## Working data:

============================================================

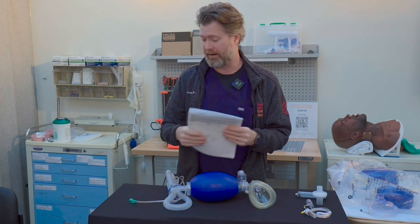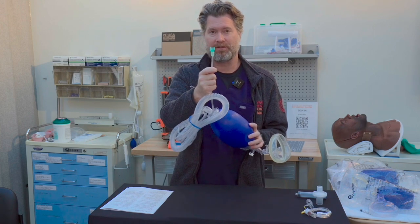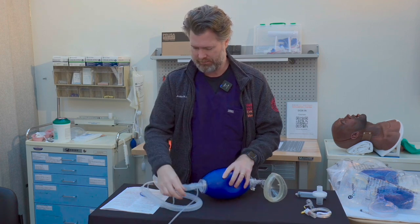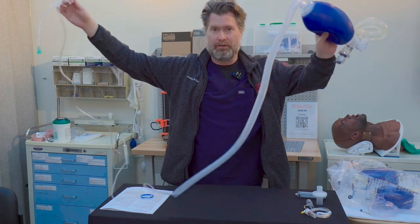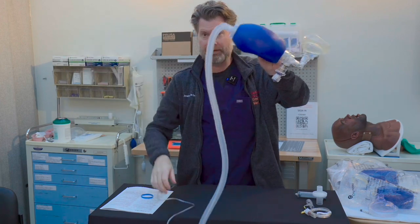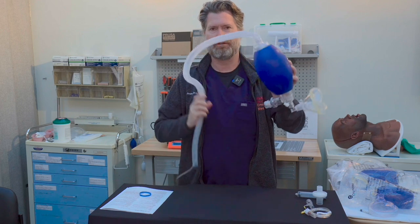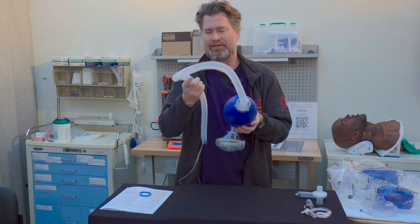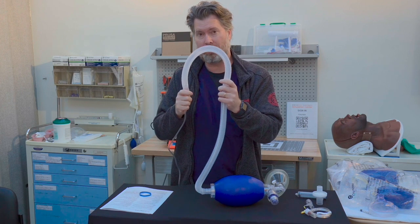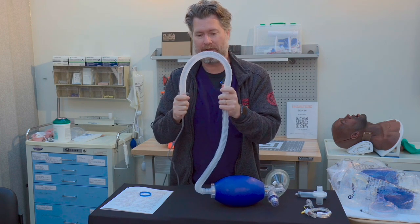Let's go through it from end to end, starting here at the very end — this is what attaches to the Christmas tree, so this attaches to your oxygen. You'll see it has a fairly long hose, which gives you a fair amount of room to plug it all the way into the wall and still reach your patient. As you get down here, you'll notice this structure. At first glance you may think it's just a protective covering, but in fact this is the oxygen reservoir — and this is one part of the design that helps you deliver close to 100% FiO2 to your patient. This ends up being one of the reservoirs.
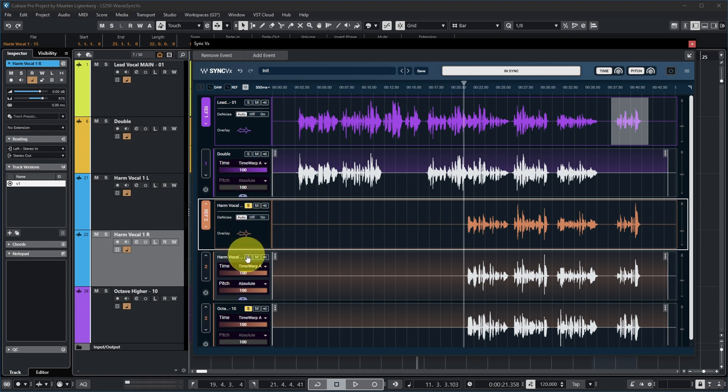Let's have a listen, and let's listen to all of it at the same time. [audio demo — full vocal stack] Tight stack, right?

============================================================

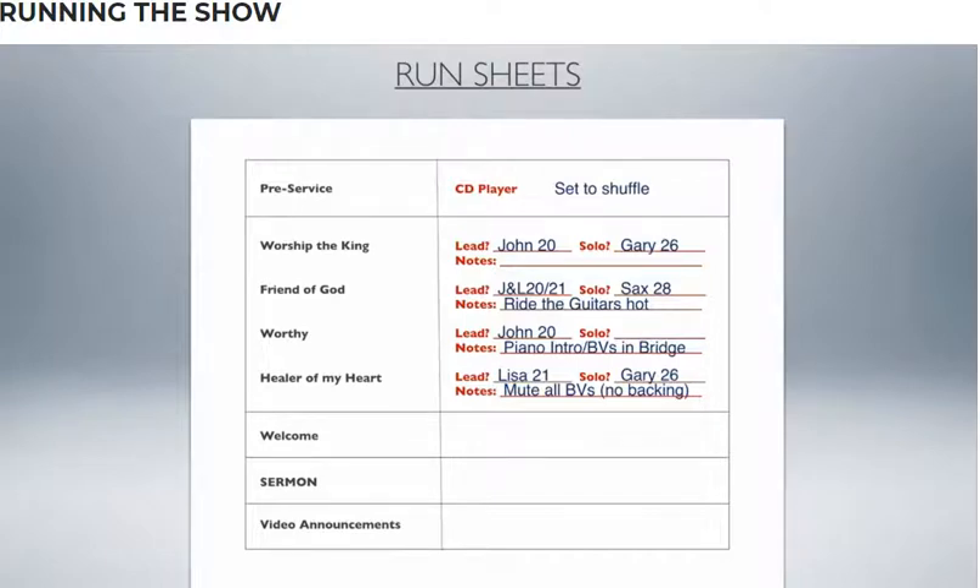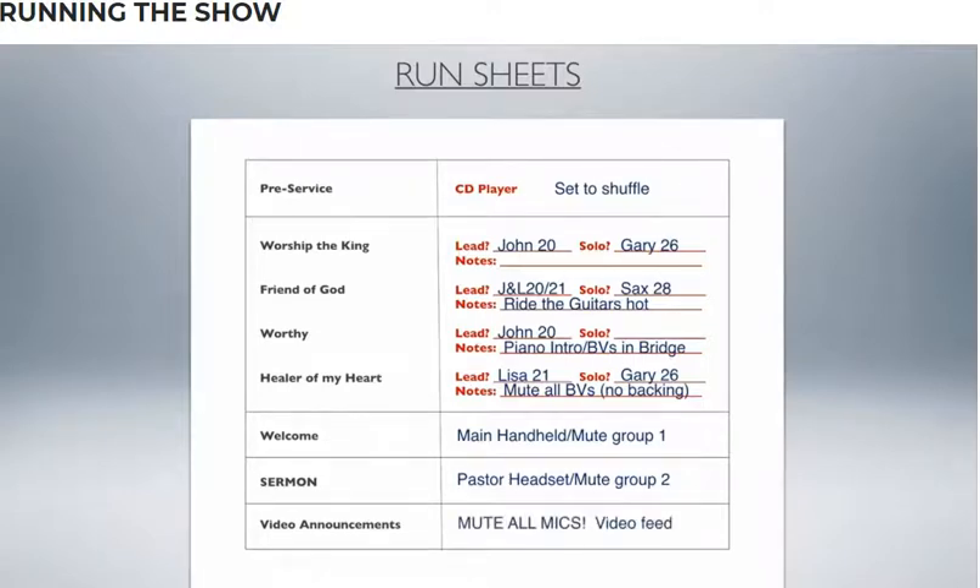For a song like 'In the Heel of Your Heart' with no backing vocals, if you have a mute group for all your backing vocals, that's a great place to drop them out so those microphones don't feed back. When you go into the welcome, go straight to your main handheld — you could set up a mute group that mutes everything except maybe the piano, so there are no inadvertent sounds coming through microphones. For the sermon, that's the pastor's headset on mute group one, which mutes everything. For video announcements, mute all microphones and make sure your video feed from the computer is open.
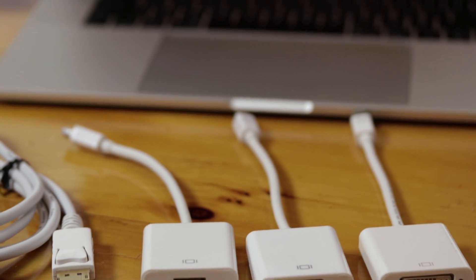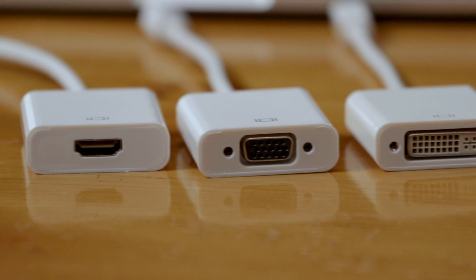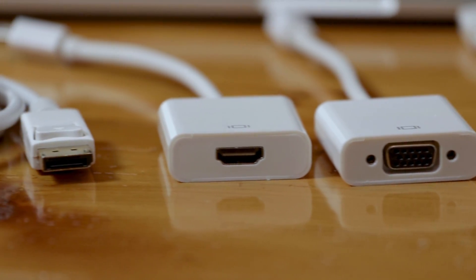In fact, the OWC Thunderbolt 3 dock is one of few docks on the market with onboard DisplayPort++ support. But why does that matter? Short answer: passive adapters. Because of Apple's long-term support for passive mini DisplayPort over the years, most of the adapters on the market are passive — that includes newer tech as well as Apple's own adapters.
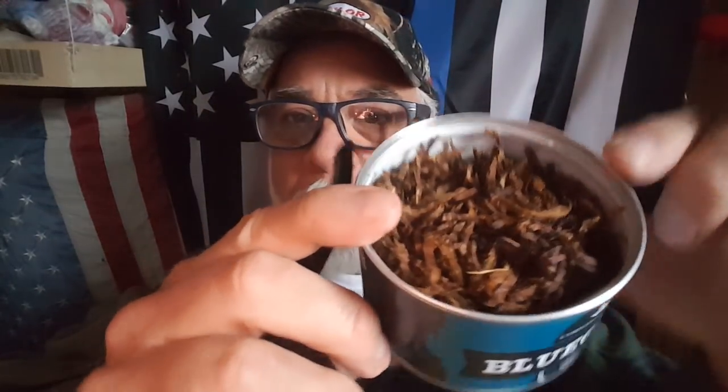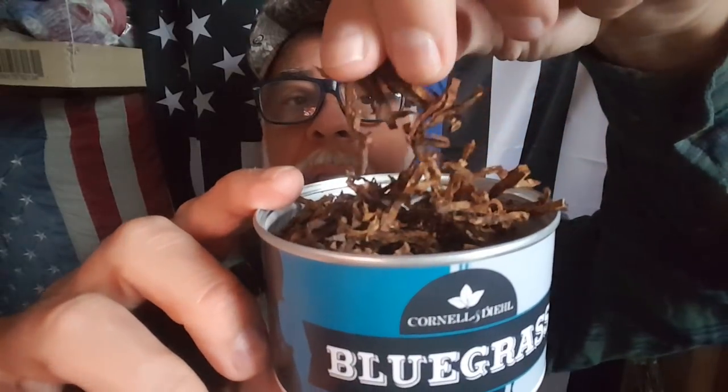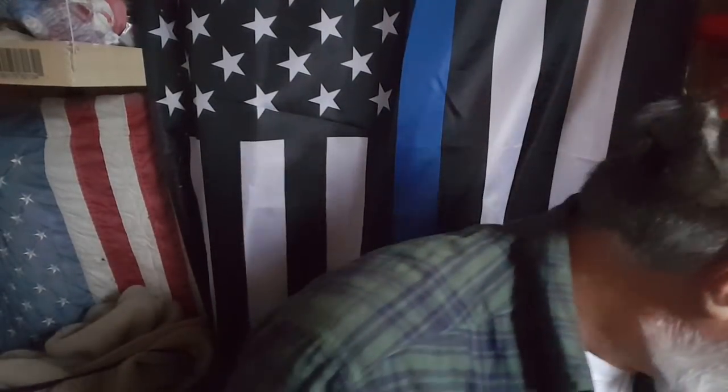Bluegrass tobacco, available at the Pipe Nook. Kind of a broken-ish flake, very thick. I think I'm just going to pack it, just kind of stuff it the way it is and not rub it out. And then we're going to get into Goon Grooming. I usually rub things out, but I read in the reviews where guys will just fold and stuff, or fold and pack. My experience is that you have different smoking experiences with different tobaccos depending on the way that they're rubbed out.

============================================================

## Exercise details:
Look above for the line with "In fact, the" and the line with "Bluegrass tobacco, available"; set down those two lines and all lines between them exactly, without pictures and without anything else.

## Answer box:
In fact, the OWC Thunderbolt 3 dock is one of few docks on the market with onboard DisplayPort++ support. But why does that matter? Short answer: passive adapters. Because of Apple's long-term support for passive mini DisplayPort over the years, most of the adapters on the market are passive — that includes newer tech as well as Apple's own adapters.
Bluegrass tobacco, available at the Pipe Nook. Kind of a broken-ish flake, very thick. I think I'm just going to pack it, just kind of stuff it the way it is and not rub it out. And then we're going to get into Goon Grooming. I usually rub things out, but I read in the reviews where guys will just fold and stuff, or fold and pack. My experience is that you have different smoking experiences with different tobaccos depending on the way that they're rubbed out.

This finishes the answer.